Writings by Cole Huffman


A Pinch or a Pound of Salt

I’m thinking of salt. In Francis Chan’s book Crazy Love: Overwhelmed by a Relentless God, Chan quotes Luke 14:34-35, where Jesus said, “Salt is good, but if it loses its saltiness, how can it be made salty again? It is fit neither for the soil nor for the manure pile; it is thrown out.” Here’s Chan’s commentary:

“Jesus…is addressing those who aren’t willing to give everything, who won’t follow Him all the way. He is saying that lukewarm, halfhearted following is useless, that it sickens our souls. He is saying that this kind of salt is not even fit ‘for the manure pile.’ Wow. How would you like to hear the Son of God say, ‘You would ruin manure’?” (p. 81).

Marvin Olasky wrote a salty column a few years back in World magazine. Olasky’s piece is called “Prodigal sons: Part of the evangelical problem is knowing which brother we are.” Utilizing Jesus’ best-known story in Luke 15, Olasky compares the differing approaches of “younger brothers” and “elder brothers” to education, journalism, and various social issues:

“Part of the evangelical political problem in contemporary America is that much of the press and public see us as elder brothers. Sometimes we are that way in reaction to younger brothers. Sometimes younger brothers go their way in reaction to us…. Elder brothers tend to forget that truth without love is like sodium without chloride: poison, not salt” (p. 88).

Chan uses Jesus’ words in Luke 14 to warn us away from a kind of halfheartedness toward Jesus that is ultimately a failure of love. Olasky uses Jesus’ story in Luke 15 to warn us away from a kind of pureheartedness toward people that is also a failure of love.

I think a lot of us believe we are more committed to Jesus than we actually are. We have the nicest saltshakers. But we get concerned for shaking out “too much.” We want to live neat, perfectly seasoned lives that we maintain tight control over. The aim is to not get “too radical” or take Jesus “too literally.” After all, we reason, too much salt on a dish makes the food inedible. 

And yet, in reading the Gospels, I can’t find where Jesus is ever concerned with His followers being “too salty.” This is our concern, not Jesus’, and it stems from fear of risk and the desire to blend into our surroundings, not stand out. “You would ruin manure!”  

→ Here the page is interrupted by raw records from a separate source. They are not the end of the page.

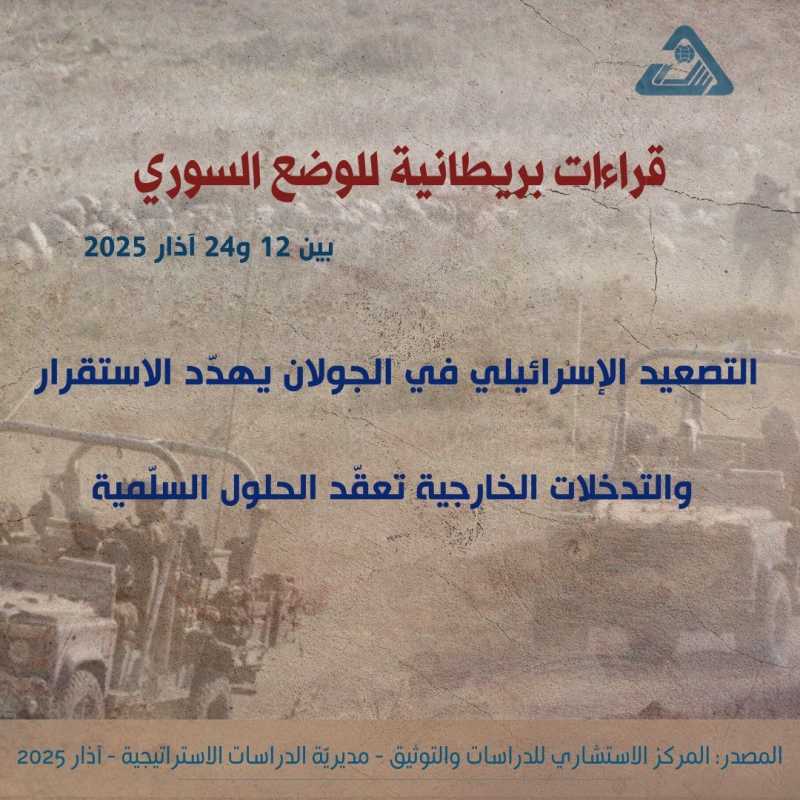 التحدّيات والسياسية والأمنية في الداخل السوري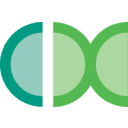 CYTOMX THERAPEUTICS INC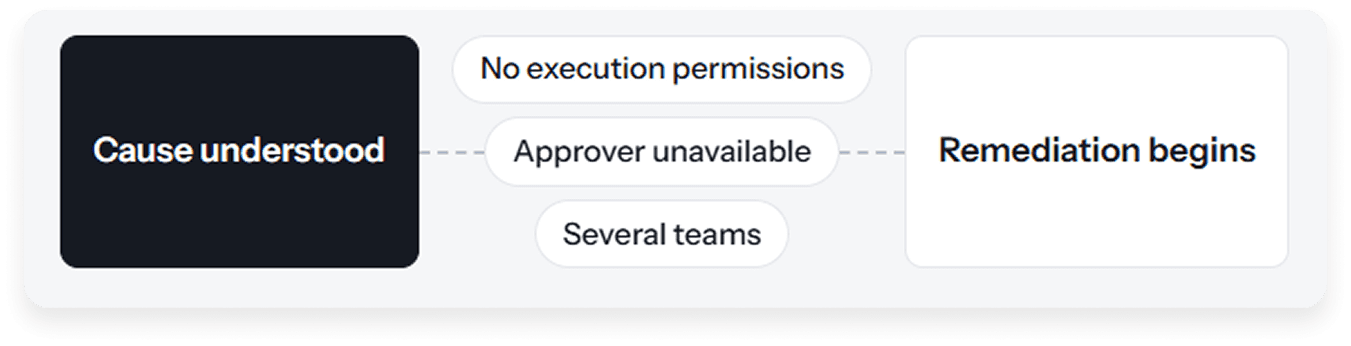 The cause is understood, but remediation waits on execution permissions, an available approver, or authorization across several teams.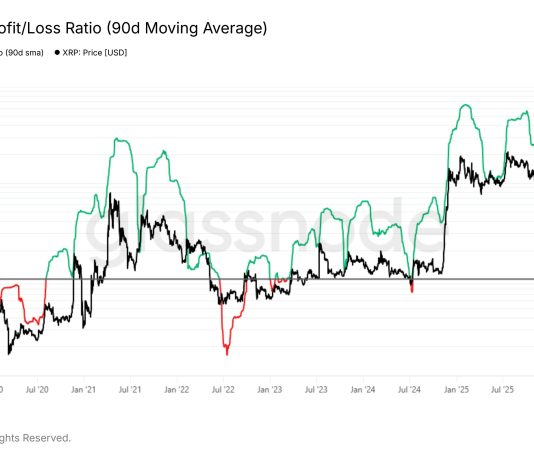 XRP Prepares for July Bounce-Again as Value Historical past Factors to Optimistic Third Quarter Seasonality XRP Prepares for July Bounce-Again as Value Historical past Factors to Optimistic Third Quarter Seasonality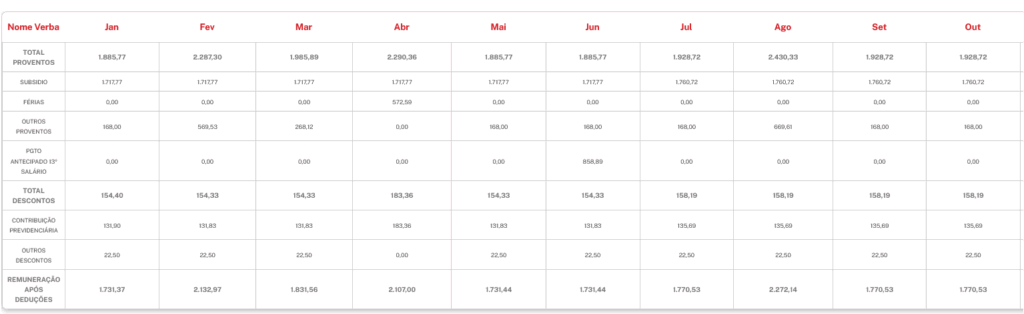 Remuneração de um servidor admitido em 2024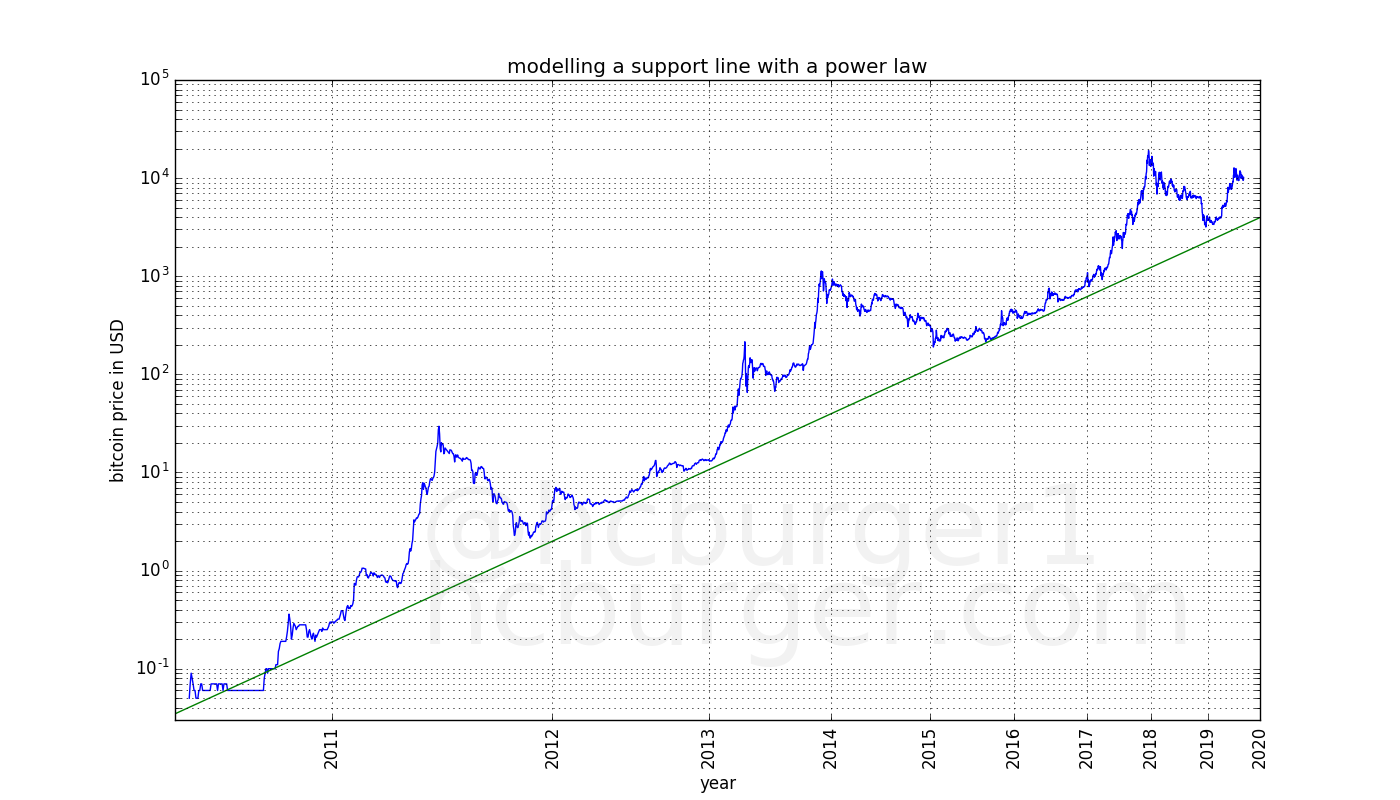 a power-law provides a good support line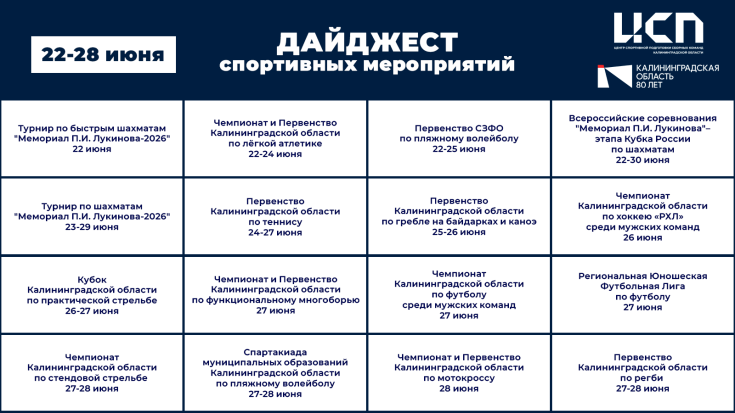 Дайджест спортивных мероприятий в Калининградской области 22-28 июня: 1
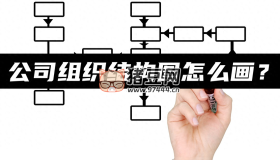 公司組織結(jié)構(gòu)圖怎么畫？3種方法簡單又高效！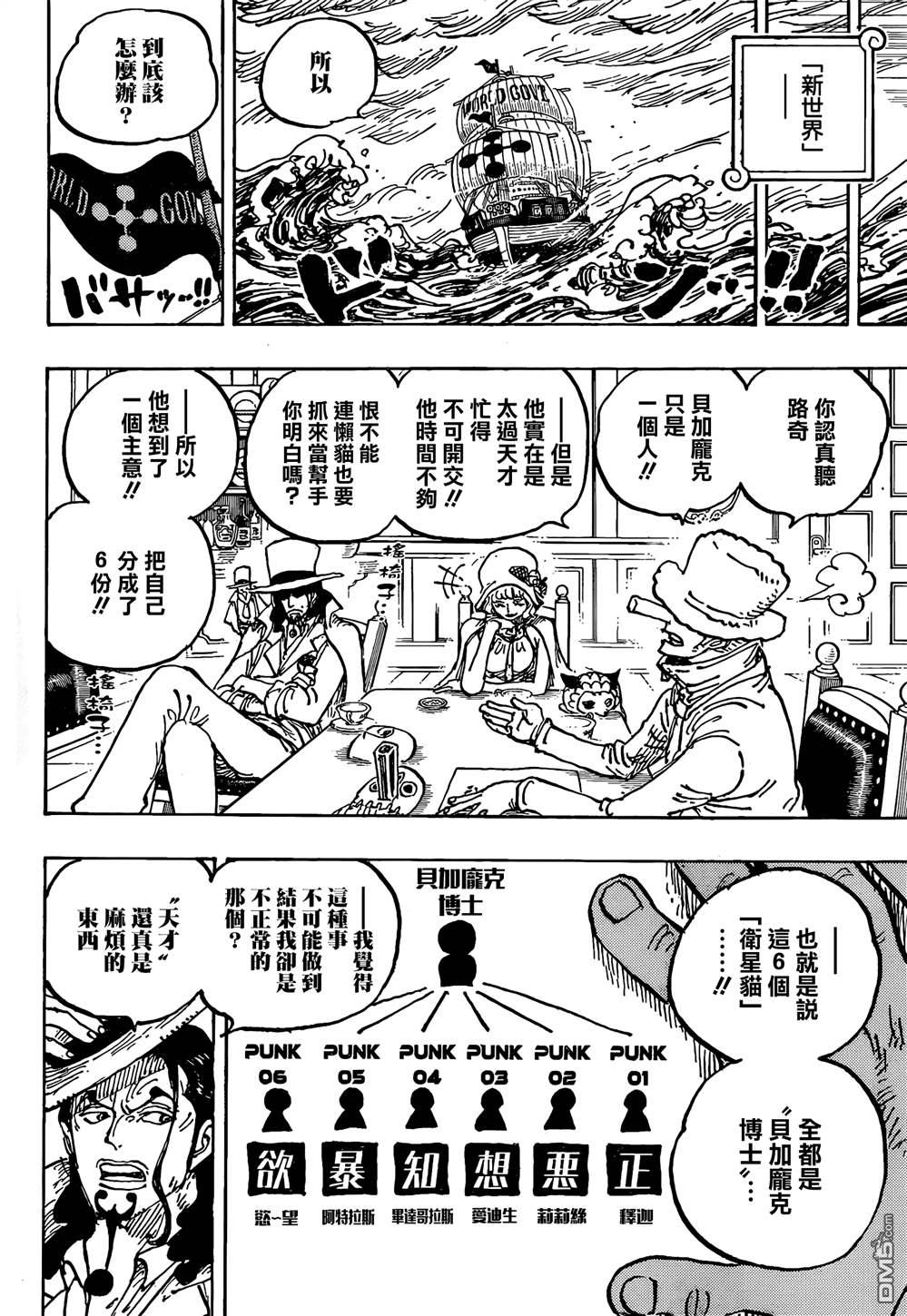 海贼王第 1062 话 - 第 15 页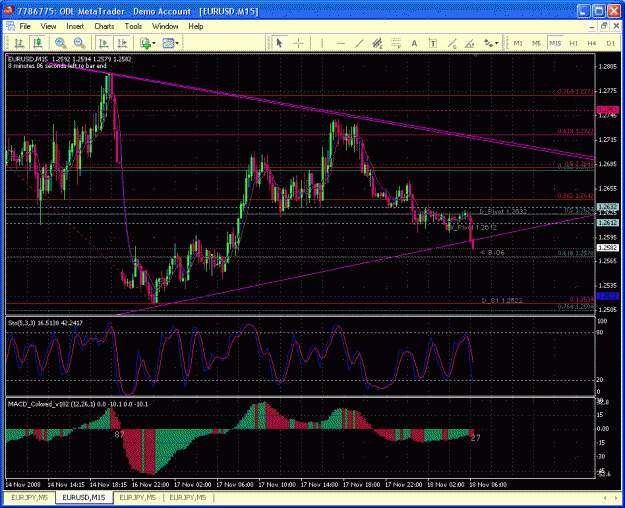 Click to Enlarge

Name: chart_Landi.GIF
Size: 49 KB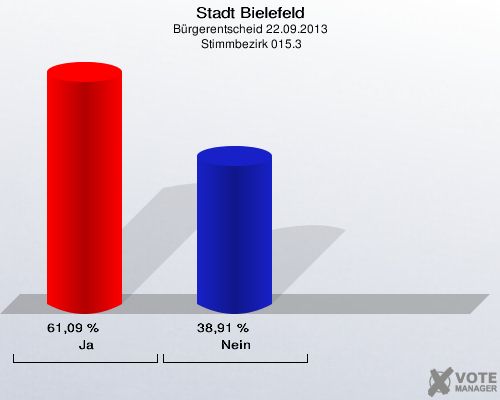 Stadt Bielefeld, Bürgerentscheid 22.09.2013,  Stimmbezirk 015.3: Ja: 61,09 %. Nein: 38,91 %. 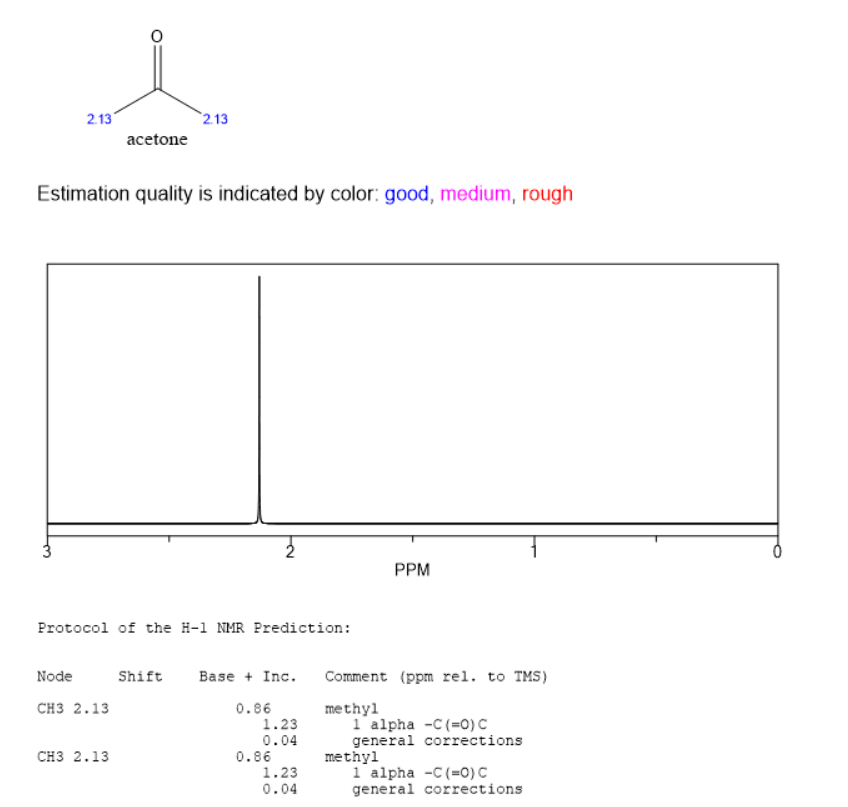 NMR Spectroscopy MCQ [Free PDF] Objective Question Answer for NMR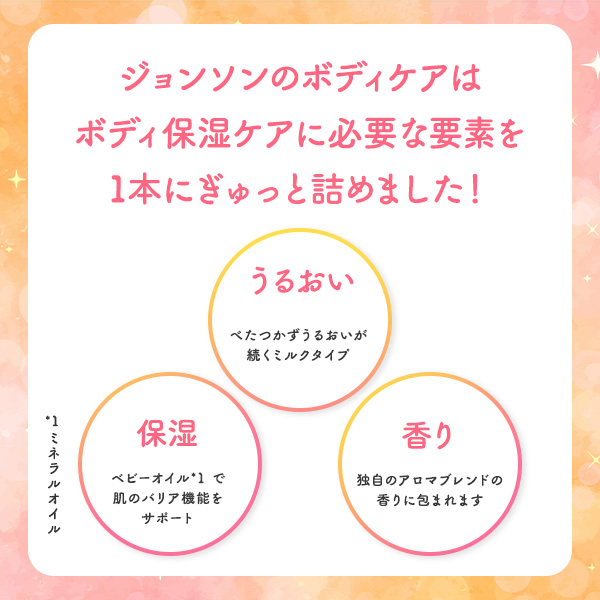 アロマリゾート ボディミルク ドリーミーブルームローズ （200g）〔ボディミルク〕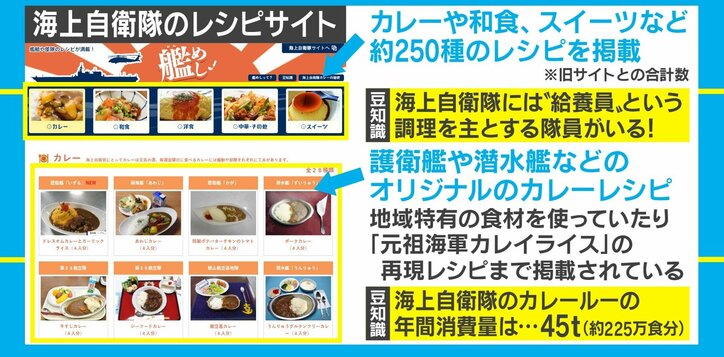 金曜日はカレーの日？ 元自衛官による在宅ワークのライフハックが話題に「いいアイデア！」
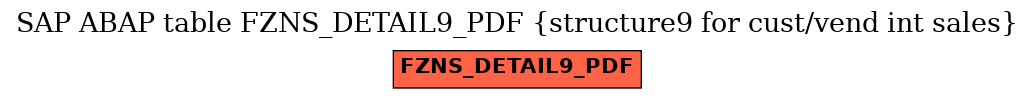E-R Diagram for table FZNS_DETAIL9_PDF (structure9 for cust/vend int sales)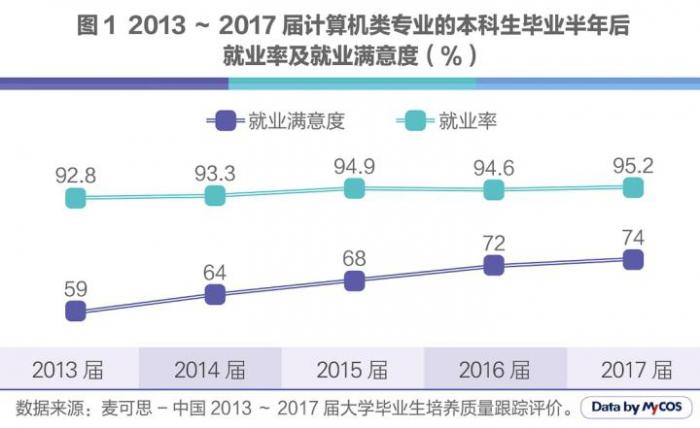 人工智能毕业就业方向有哪些,人工智能毕业就业方向有哪些与实地评估数据方案体验版探讨,深度评估解析说明_冒险款76.64.94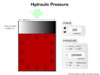 Hydraulic Pressure and Force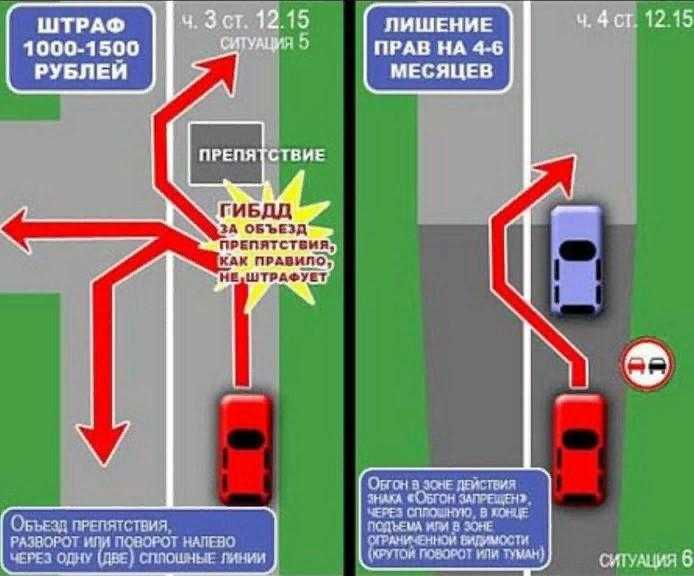 Список городов россии по численности населения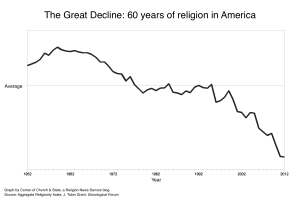 Religiosity-Graph1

I think a lot of us believe it is okay to be less committed to people in the interests of personal holiness. “The culture,” we say, is a manure pile of vices anyway. Many evangelicals are mad at the way things are going in our country and feel justified to curse the ever-encroaching darkness. I’m told it is moral cowardice not to do so. But the purehearted elder brother in the Lord’s story was a stand-in for those whose cultural strategy became provincial indifference and contempt for those who didn’t “get it.” Jesus was by way of the elder brother confronting those in God’s house who didn’t have God’s heart. Poison, not salt.

This halfheartedness and pureheartedness are both failures of love: “You shall love the Lord your God with all your heart and with all your soul and with all your mind.... You shall love your neighbor as yourself” (Jesus in Matt. 22:37, 39). These words need to sink into us like salt on tenderized meat because behind all of our “evangelical problems,” as Olasky phrases it, is bland, tepid love for God and neighbor.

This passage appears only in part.